### WORK REQUIRED
Go through the records below line by line and report how many lines include "with", giving the number only.

### EXTRACTED MATERIAL
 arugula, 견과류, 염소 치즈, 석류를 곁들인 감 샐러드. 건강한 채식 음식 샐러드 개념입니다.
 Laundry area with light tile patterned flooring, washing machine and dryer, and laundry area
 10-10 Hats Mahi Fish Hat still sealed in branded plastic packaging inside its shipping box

* * *

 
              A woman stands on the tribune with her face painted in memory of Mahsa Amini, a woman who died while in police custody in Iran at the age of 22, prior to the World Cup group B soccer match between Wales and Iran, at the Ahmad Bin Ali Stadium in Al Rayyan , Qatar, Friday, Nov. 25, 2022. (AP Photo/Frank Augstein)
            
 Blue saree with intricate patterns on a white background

### RESPONSE AREA
3